Why in 1986, people think that “more than 3 hidden layers are not helpful”? I guess due to tha lack of data and GPU.
Fully Connected Feedforward Network
The 1st step of ML, choosing the function set:
If we apply softmax on the output layer, then the NN becomes a multi-class classifier.
Also, we need to decide the network structure to let a good function in your function set.
The 2nd step of ML, goodness of functions:
If it’s for regression, then we can use RMS error; if it’s classification, then we use cross entropy.
The 3rd step of ML, find the best function:
Use gradient descent to find the best weights $w$ and biases $b$. To effectively calculate the derivatives, we use backpropagation.
Discussions
Special structure of extremely deep NNs
The 152 layers deep Residual net has special structures and is not fully connected feedforward, or it’ll be untrainable.
Design of NN structure
When designing an NN, we can only rely on trial-and-error and intuition.

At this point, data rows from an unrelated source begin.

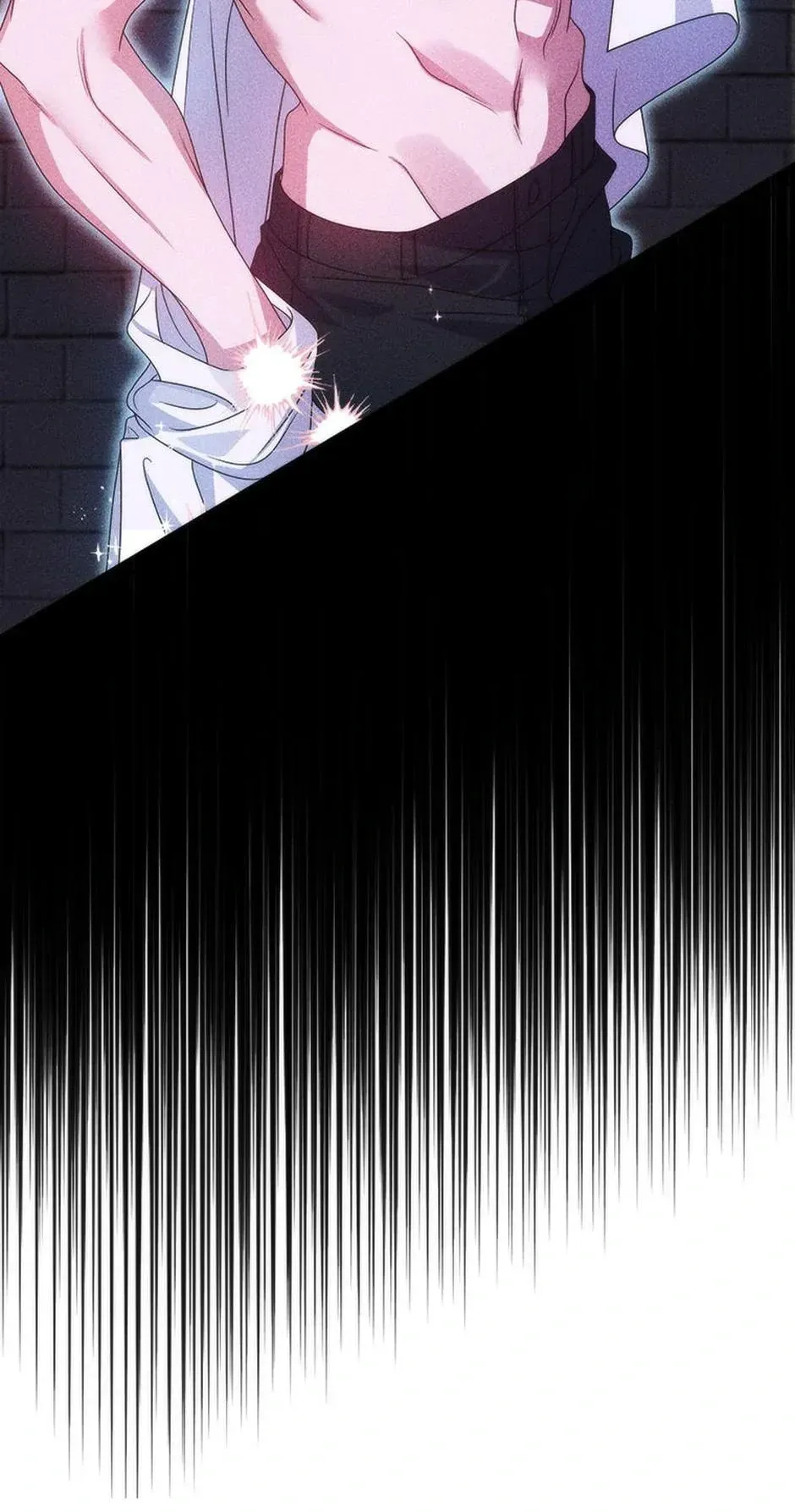 I Met the Male Lead in Prison Chapter 44 Online - página 59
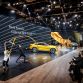 mercedes shanghai (4)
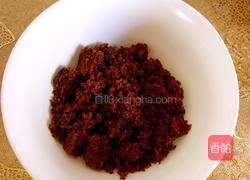 炸糍粑的做法图解2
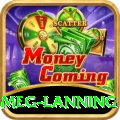 meg lanning Deluxe Pro v1.3.7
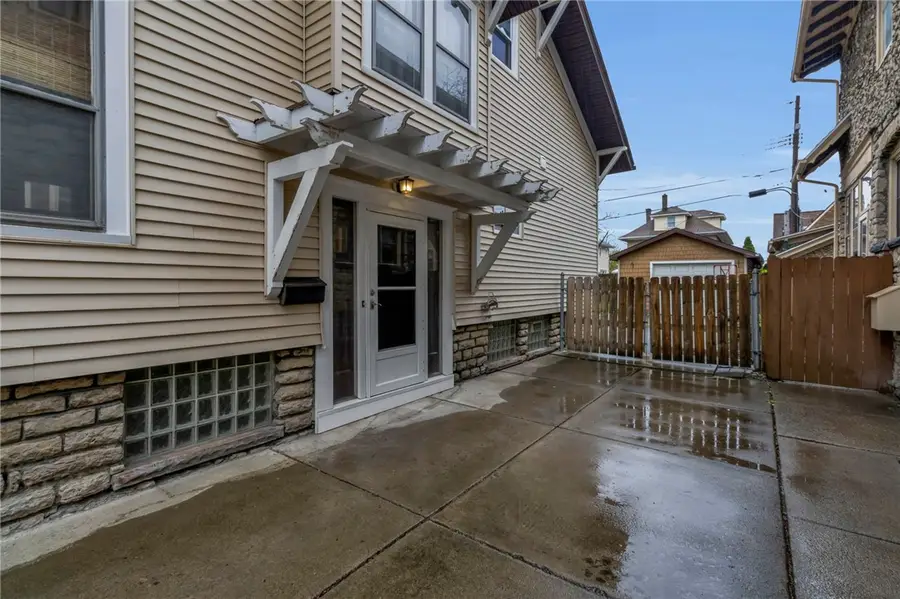 152 Fordham Drive, Buffalo, NY 14216 - #3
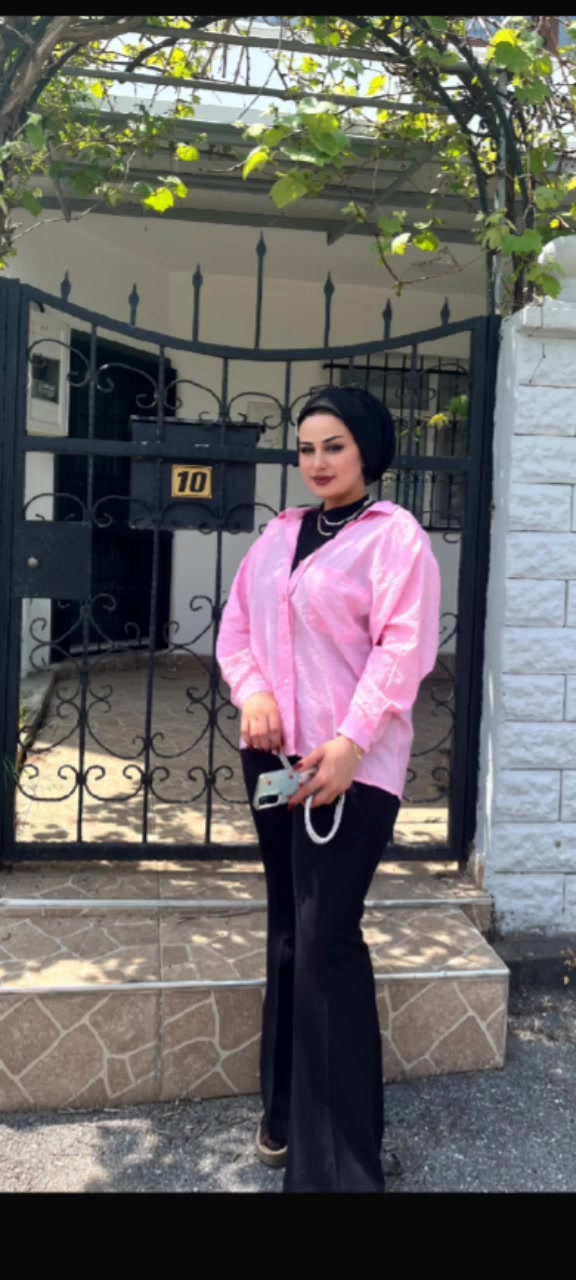@salon yasemin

The hidden layers are actually feature extractors that replace the feature engineering. The shift from machine learning to deep learning is actually transforming the questions from feature engineering to neural network structure design.
The domains that people can find more structural and conceptual innovations actually feel less improvement by the introduction of DL, e.g. NLP. Although now DL still dominate in NLP, but not so powerful like in computer vision of speech recognition.
We can also let the model automatically determine its structure, it’s Evolving Artificial Neural Network.
Deep is Better?
When the network is deeper, there are more parameters, i.e. larger function set, so it should be beter.
Universality Theorem
In the later lectures, we’ll see why we choose “deep” but not “fat” neural networks.